Benoit Douville wrote:
Well, The Czech population suffered a lot when Heydrich was the leader and they suffered a lot more after the death of Heydrich, think about the tragedy of Lidice.
Actually, no.
The Czech population was relatively well treated, and enjoyed much the same conditions of life as the population of Germany proper, for example they had the same level of food rations. Bohemia/Moravia made a very important contribution to German war production, in particular the munitions plants at Skoda, and continued to do so right until the end of the war. The Czech workers at the factories were normal employees, and not conscripted labour; they continued to turn out weapons for the German army until the end of the war.
Heydrich did not treat the Czech population brutally. In fact, he was making great progress in reconciling them to German rule through a two-pronged policy of on the one hand increasing wages and the supply of goods, and on the other of cracking down very hard on black-marketeers, who were very unpopular. At the same time he was utterly ruthless with saboteurs and resisters; for example he executed a number of Czech officials and senior Czech army officers who were plotting to subvert German rule.

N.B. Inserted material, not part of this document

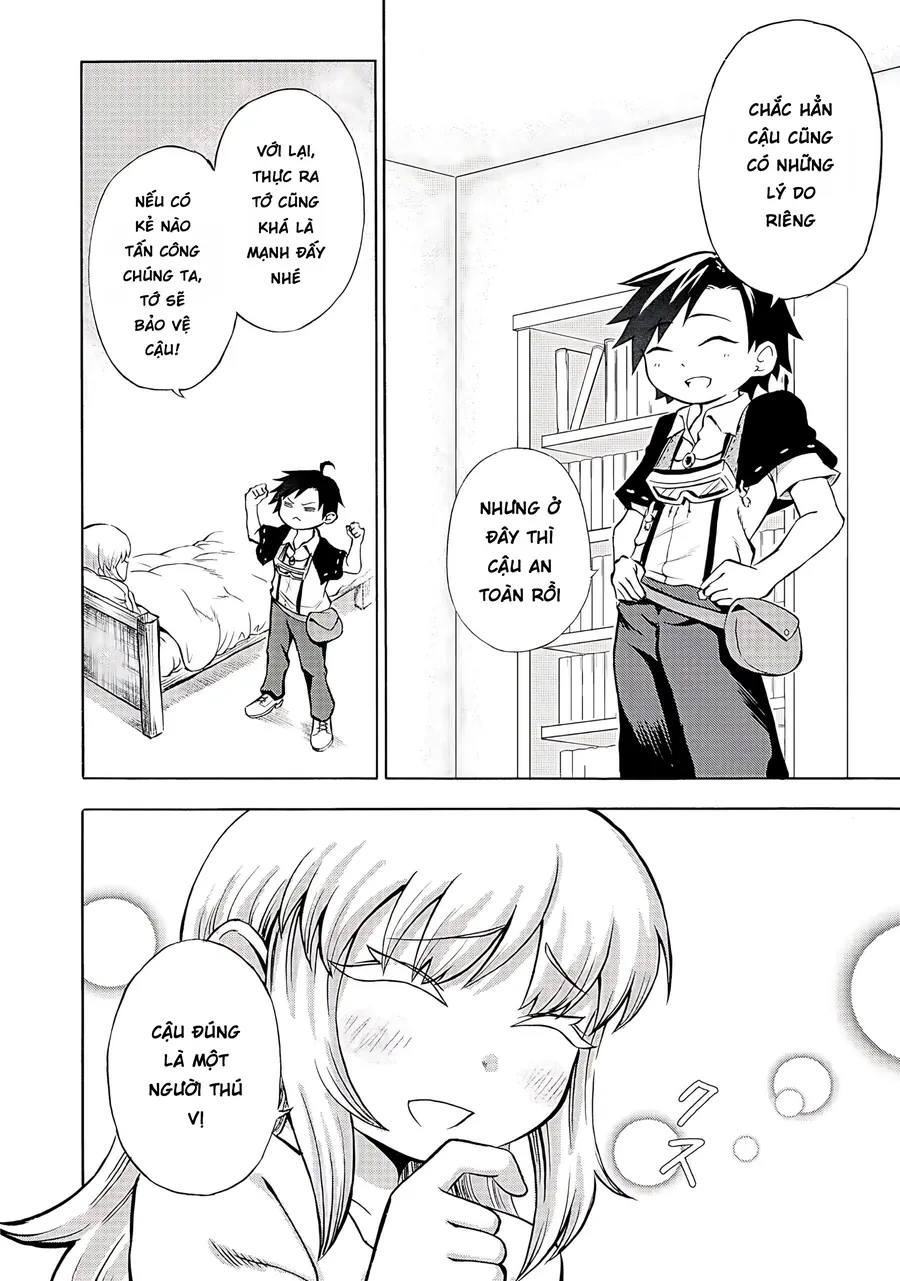 Isekai De Yakuza Hajimemashita: Yume No Henkyou Slow Life Wa Oazuke-Chuu Chapter 1 - 24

It was precisely because of Heydrich's success in cutting the ground from under what little resistance activity there was in Bohemia/Moravia, and of getting the workforce to produce efficiently and abundantly for the German war effort that the Czech Government-in-Exile set out to assassinate him. It was purely for propaganda reasons; the lack of Czech resistance, plus the fact that the Czechs seemed to be working hard for Germany, was severely undermining the credibility of the Czechs in Allied eyes.
Another reason for assassinating Heydrich was to provoke the German authorities to punish the Czech population, and thereby ruin the modus vivendi that Heydrich had created.

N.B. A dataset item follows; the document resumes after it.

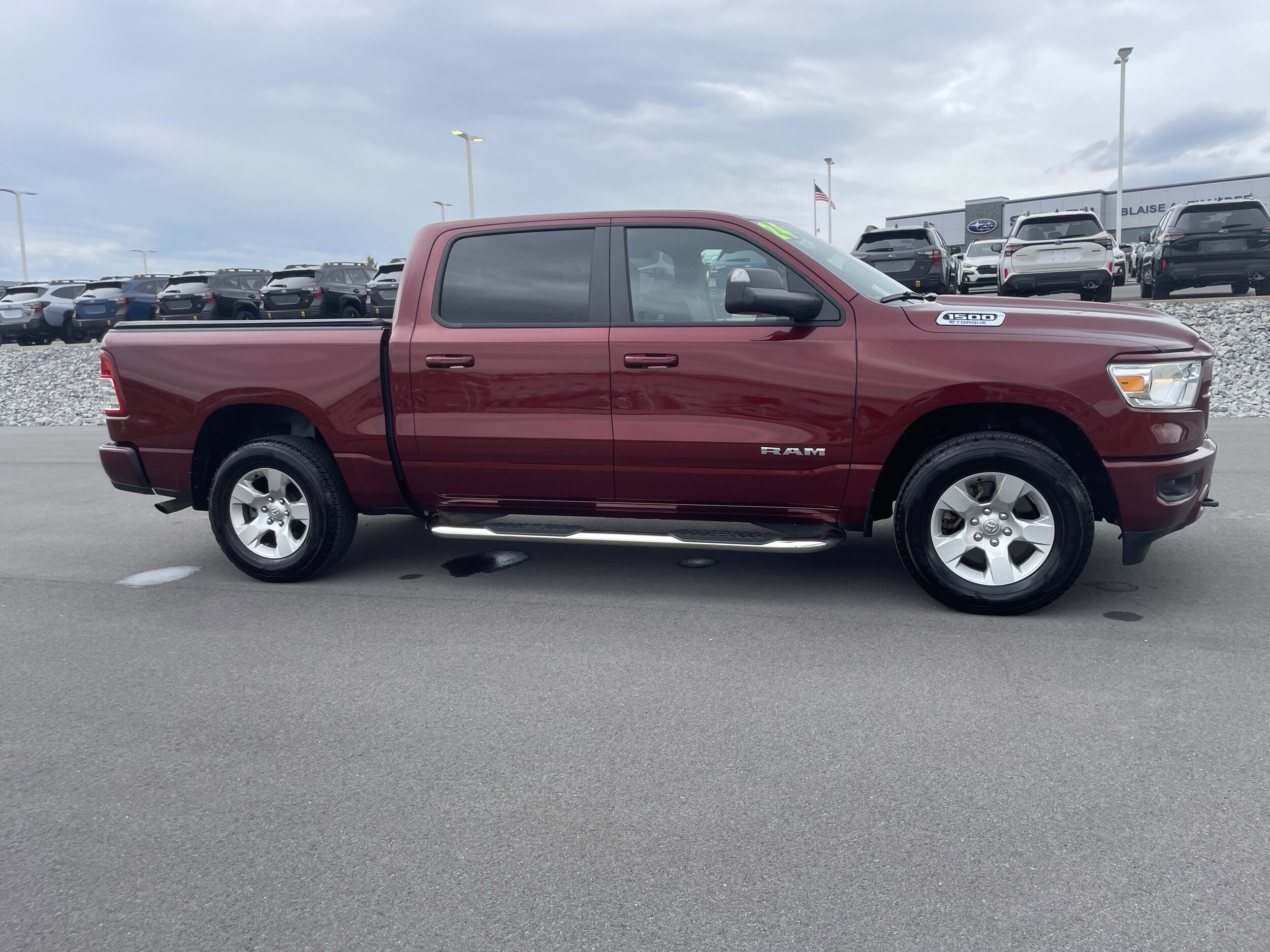 2024 Ram 1500 Big Horn Lone Star photo 2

The Lidice atrocity in reprisal for the assassination of Heydrich stands out because it was pretty well unique in Bohemia/Moravia. There was very little resistance activity that needed to be suppressed, no large-scale anti-partisan warfare, no civil war between rival political groupings.

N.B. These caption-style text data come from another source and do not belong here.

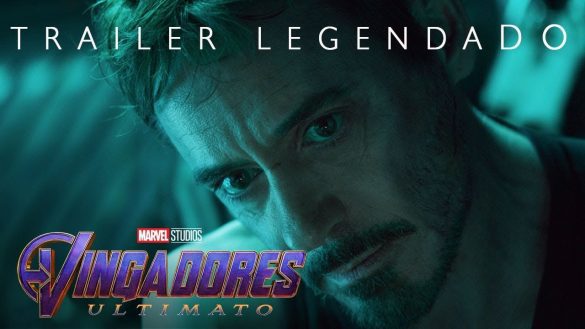 O fim está próximo | Vingadores: Ultimato - Trailer legendado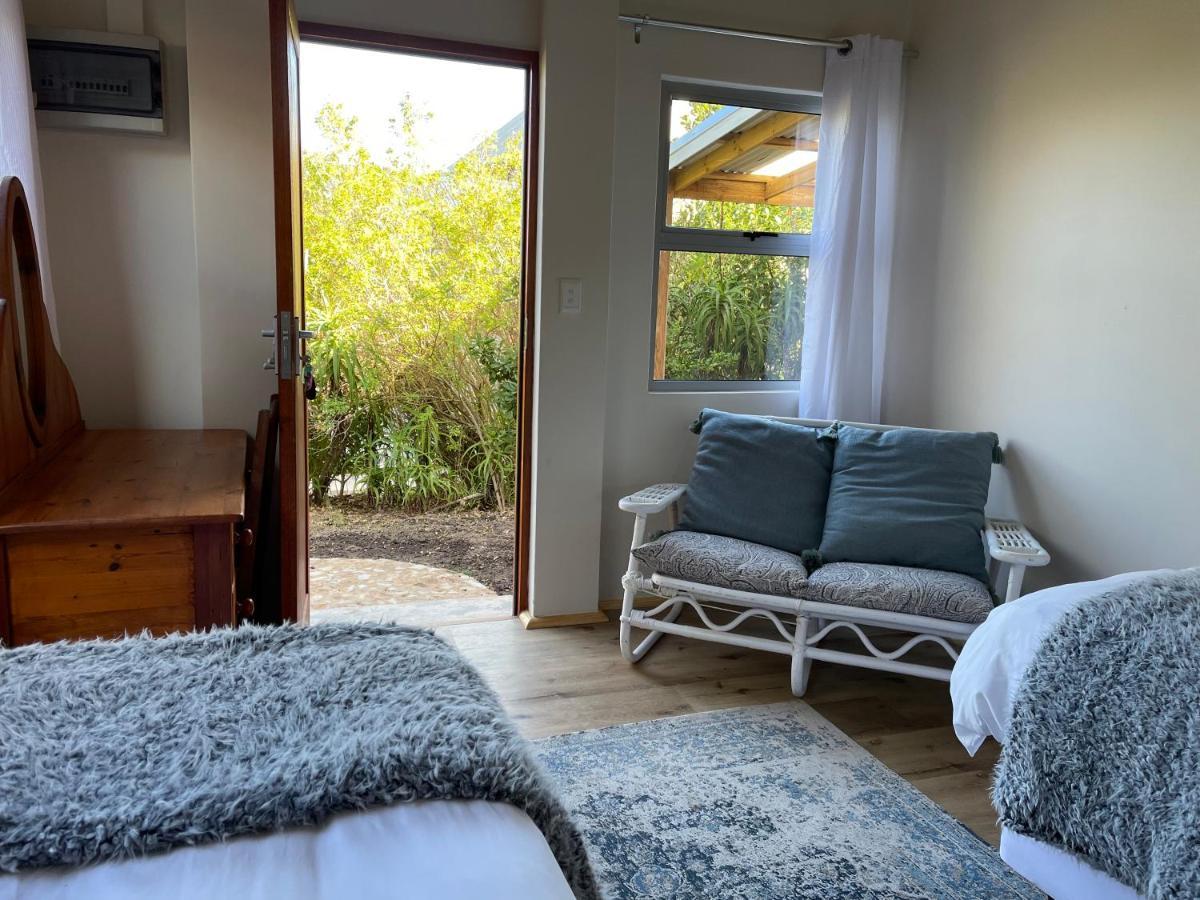 Trinity Farm Ocean View Cottage Plettenberg Bay Kültér fotó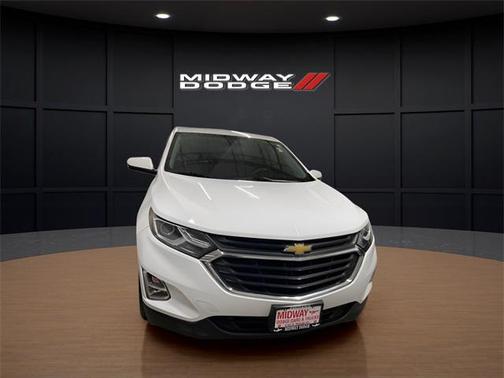 2020 Chevrolet Equinox 1LT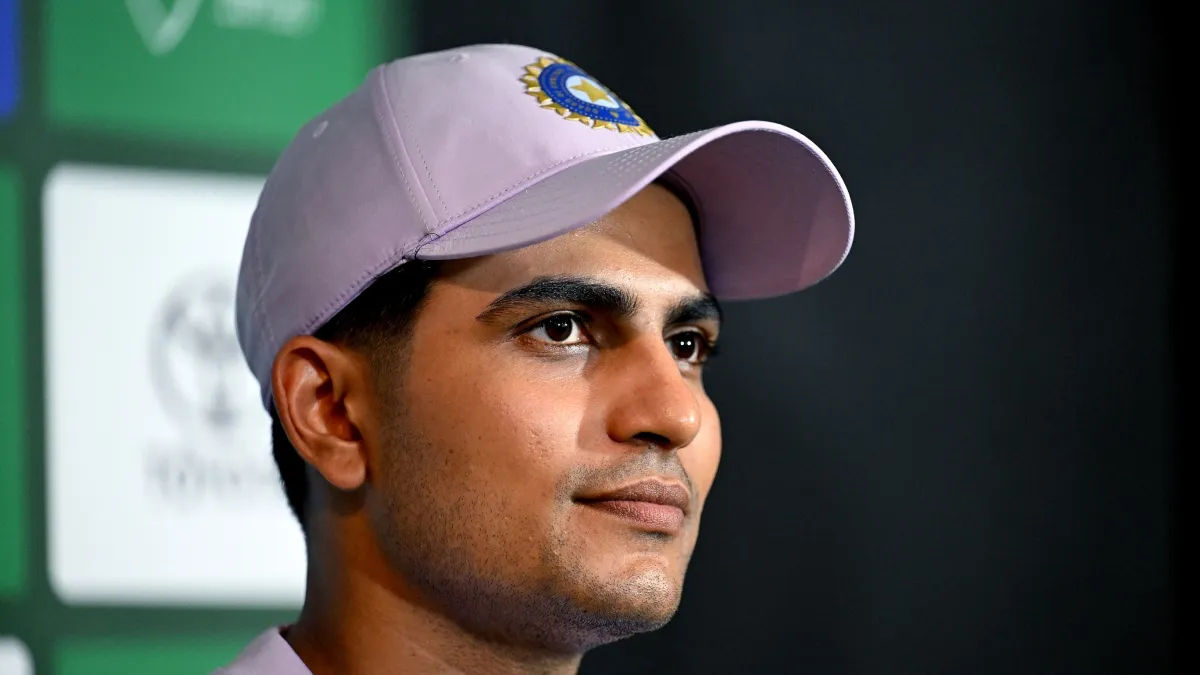 Shubman Gill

The atrocities committed at the very end of the war against both German soldiers and the large German ethnic minority were most likely the work of underground resistance organisations which came out of the woodwork when all the fighting was basically over. The population as a whole did not have any real reason to seek revenge, although they may have stood by and let the resistance activists commit atrocities in order to ingratiate themselves with the new rulers.
The same thing happened in France after the German retreat. The public reprisals against collaborators, including a wave of semi-legal executions, were carried out mainly by Communist activists who emerged once the Germans had left.